The arrest of Mansoureh Behkish was followed by wide spread protests from national and international human rights organizations and some foreign governments and The International Federation of Human Rights organizations in a statement, condemned the security forces and the judiciary for this arrest.
Mansoureh Behkish was among 33 women from the ‘Mourning Mothers’ group arrested during their weekly meeting in Laleh Park, Tehran, on 9 January 2010 and held for several days. On 17 March 2010, she was prevented from travelling to Italy to visit her children and her passport was confiscated. She remains banned from travel abroad.
Mansoureh Behkish has lost six family members in the 80″s mass executions. She is facing this sentence, while being responsible for the care of her mother.
“Mansoureh Behkish was among 33 women from the ‘Mourning Mothers’ group arrested during their weekly meeting in Laleh Park, Tehran, on 9 January 2010 and held for several days. On 17 March 2010, she was prevented from traveling to Italy to visit her children and her passport was confiscated. She remains banned from travel abroad,” said Amnesty International in an ‘Urgent Action’ campaign last June 2011.

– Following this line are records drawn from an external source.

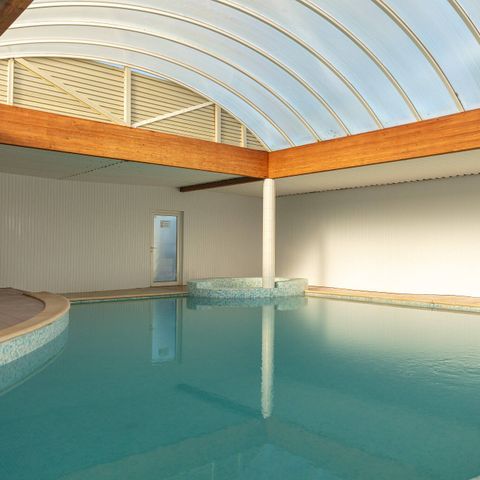 Camping Zagarella - Camping Paradis Camping Zagarella - Camping Paradis - Camping Vendée - Image N°4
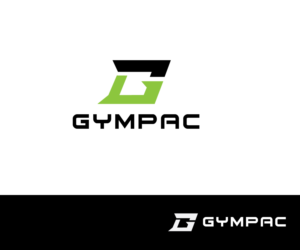 Logo Design by renderman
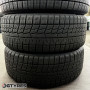 225/50 R18 YOKOHAMA ICE GUARD IG70 2022 (495T40325)  Зимние   5 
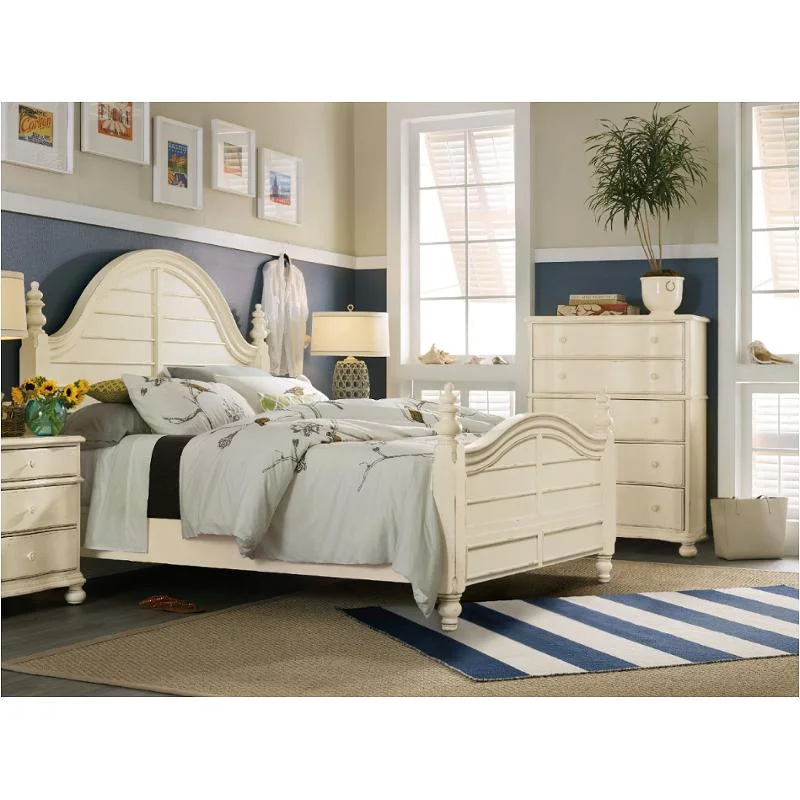 homelivingfurniture-120260618032247879946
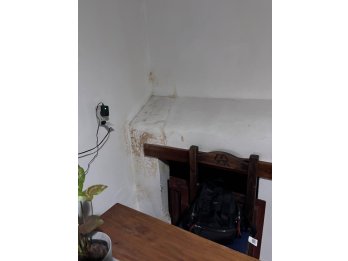 2 casas en 1 calle Brigadier Lopez, Parana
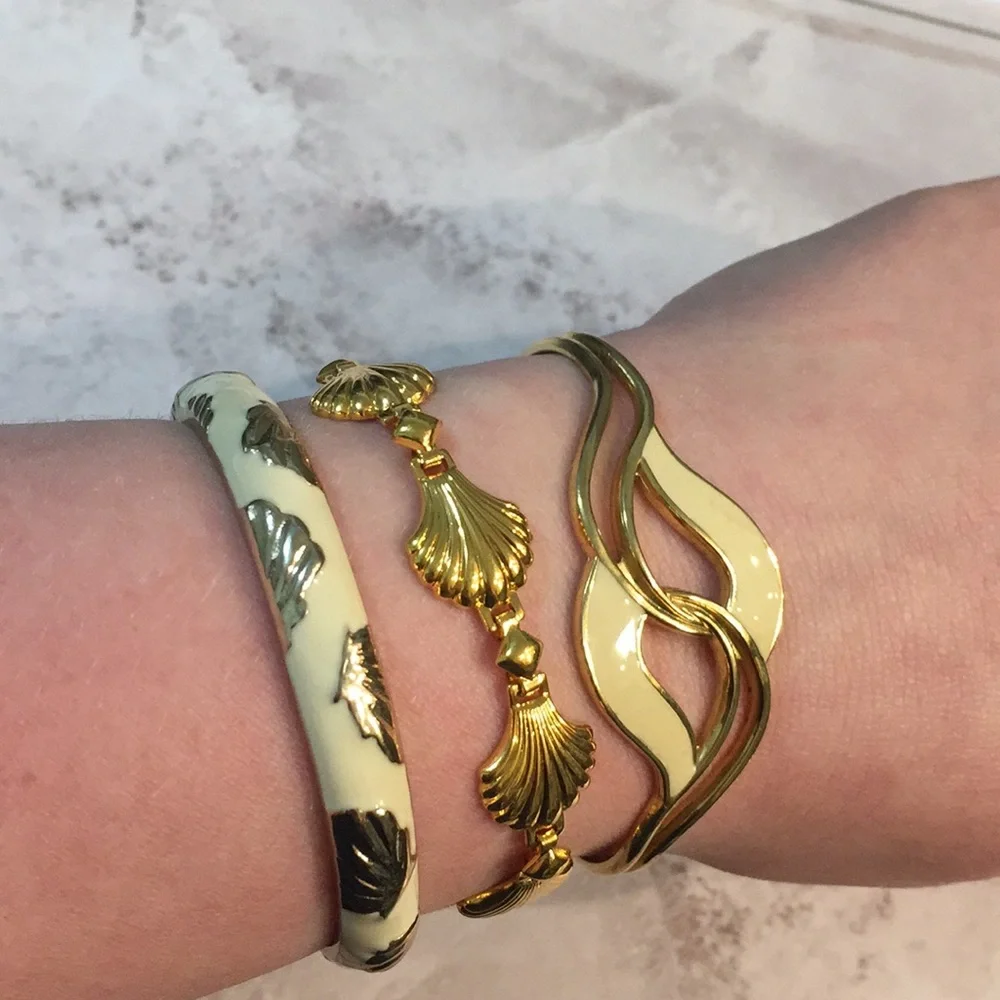 Sequin Jewelry sequin brand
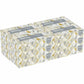Kleenex Professional Facial Tissue for Business - Flat Box - 03076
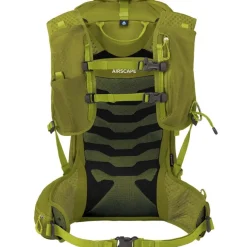 Talon Velocity 20 Technical Multi-activity Backpack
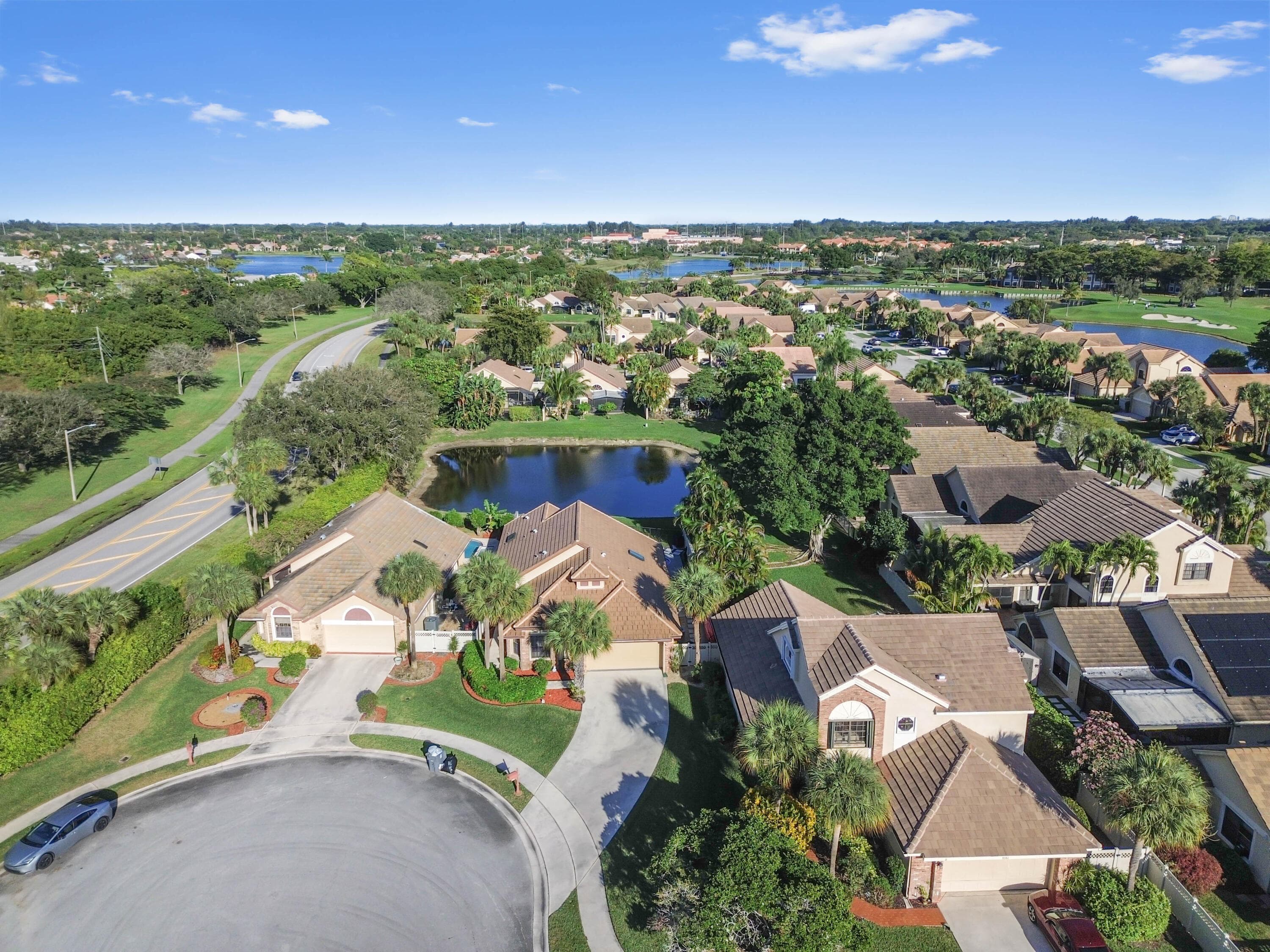 8078 Popash Court, Boynton Beach, FL 33472 — photo 30 of 44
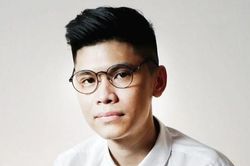 Lao động văn chương cần sự nghiêm túc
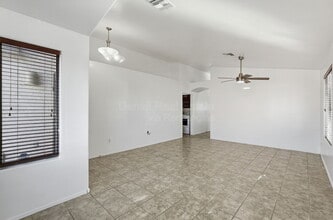 7159 S Providence Dr in Tucson, AZ - Building Photo - Building Photo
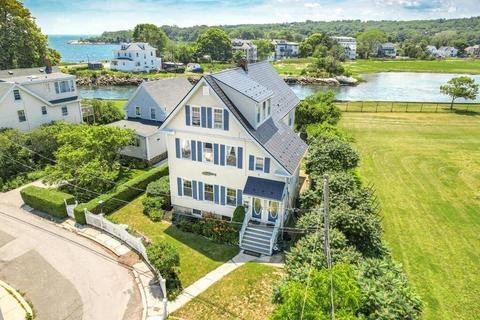 12 Perkins Rd, Gloucester, MA 01930 photo 3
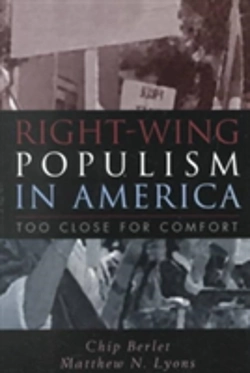 Bertrand.pt - Right-Wing Populism In America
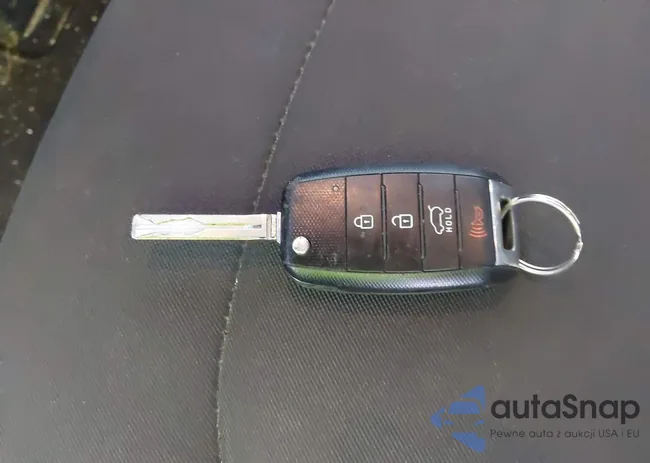 KNDJN2A28F7216678: 43259983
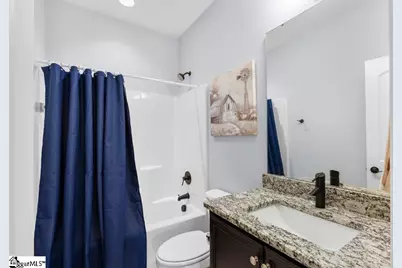 66 Dendy Street, Pelzer, SC 29669 - Photo 25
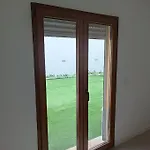 Casa Do Avo Carrico Feriehus *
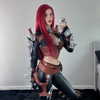 motioncosplays Altpins Profile Picture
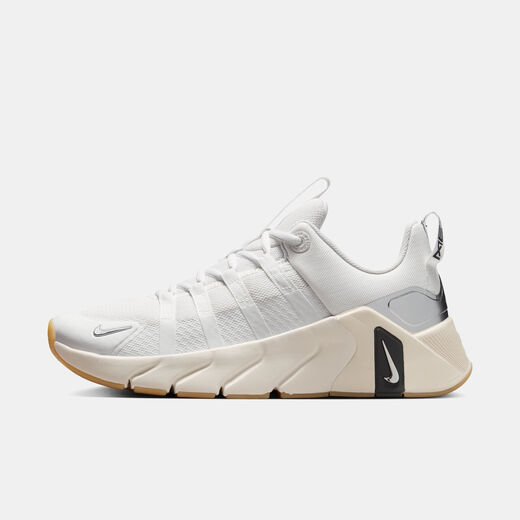 Free Metcons-Nike, Nike Free Metcon 7, Women's Training Shoes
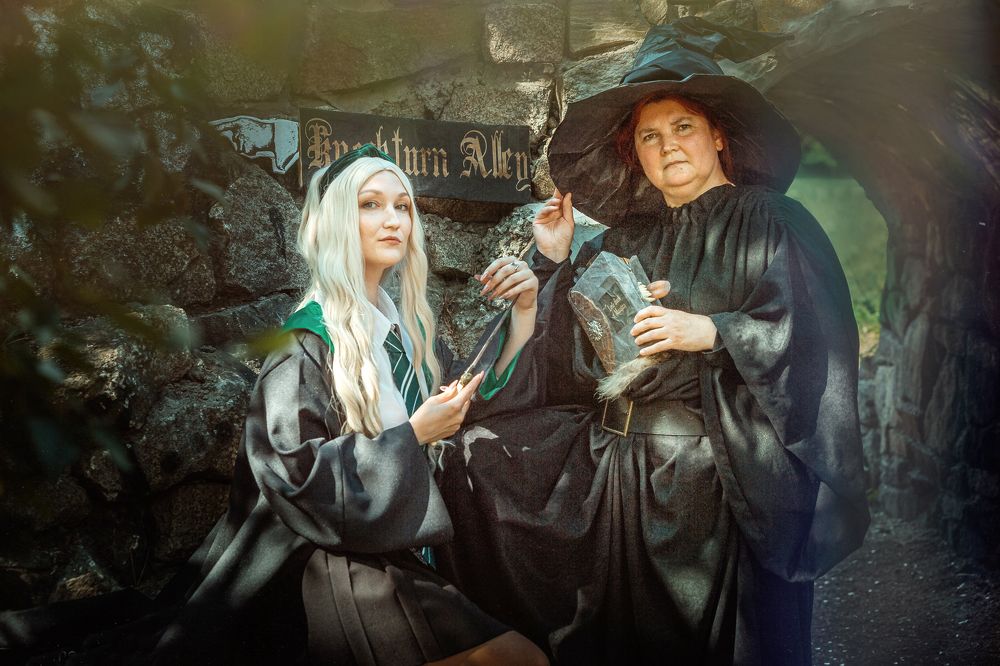 Фотография автора Михаил Бове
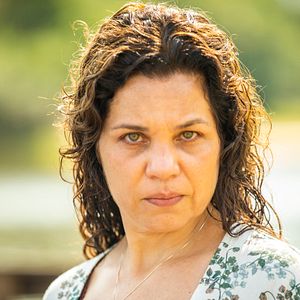 Foto Pantanal (2022)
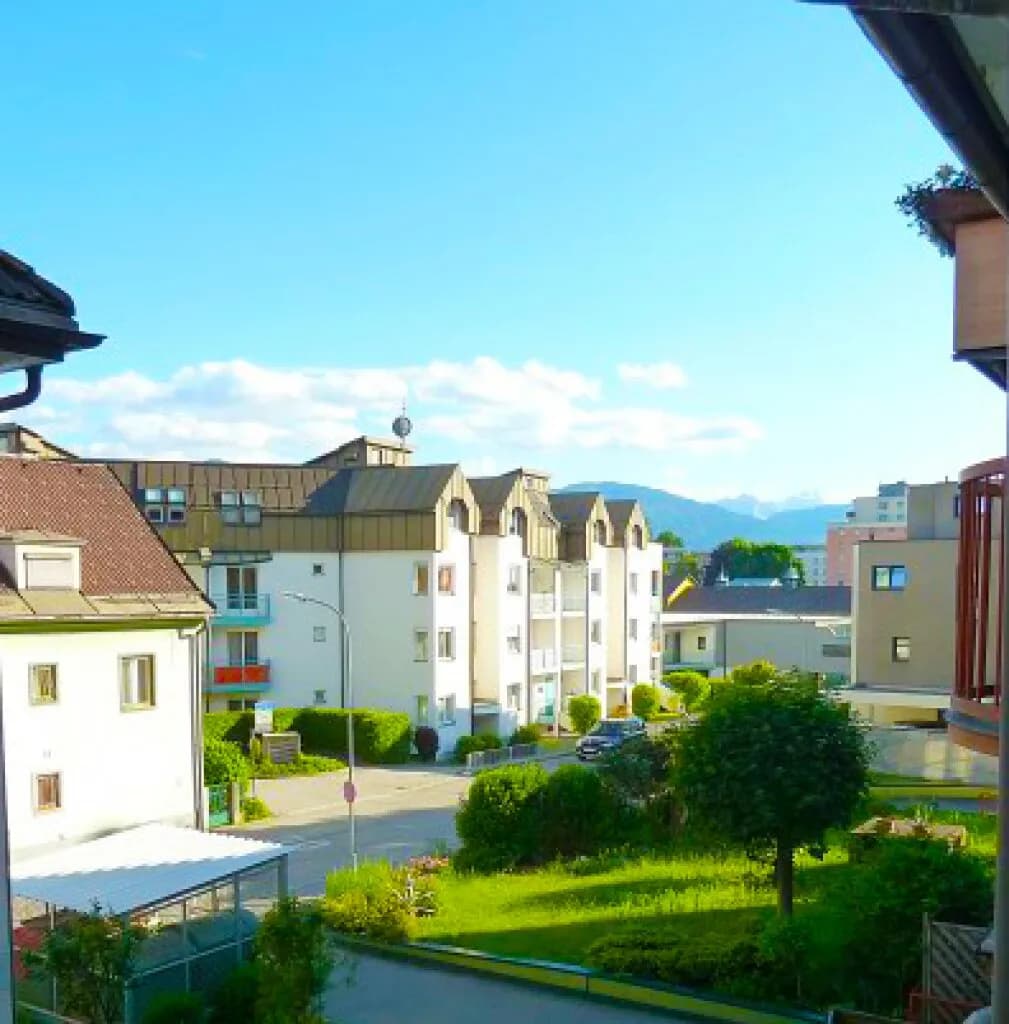 2-Zimmer-Wohnung kaufen in Villach – 92,5 m², € 439.000 – Bild 20 von 23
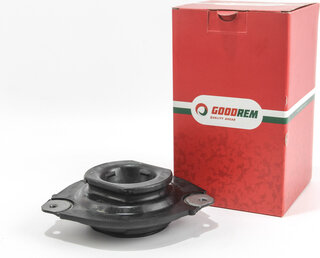 Goodrem RR4320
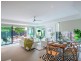 3/31 Lorikeet Drive, Peregian Beach QLD 4573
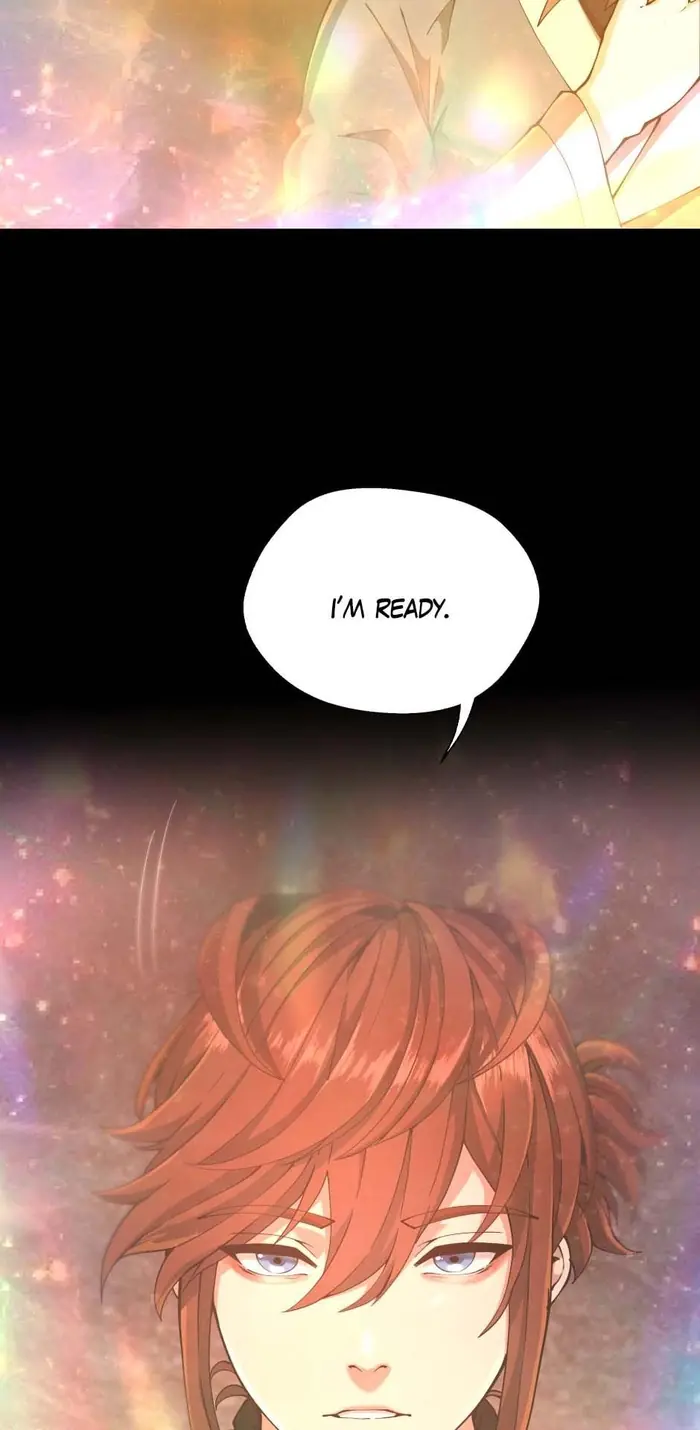 The Beginning After the End Chapter 149 image 096_optimized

In a recent detailed outline provided by Iran’s Mourning Mothers of Laleh Park, a claim that legal Iranian laws have been broken in this case have been specifically made. The broken Iranian laws relating to Mansoureh’s case are:
- Paragraph 1, Section 19 of the International Civic and Political Treaty: Nobody can be abused or harmed for political beliefs;
- Paragraph 2, Section 19 of the International Civic and Political Treaty: Everyone has the right to freedom of expression. This right includes freedom of research, education and distribution of all information and ideas without any limitation, whether in oral, print, cultural and other forms;
- Section 19 of the International Human Rights Charter: Everyone has the right to freedom of conscience and expression.
“Women are treated unequally under Iranian law,” says a 2009 report outlining the human rights situation in Iran by the Iran Human Rights Documentation Center (IHRDC) and released by the Office of the United Nations High Commissioner for Human Rights (OHCHR).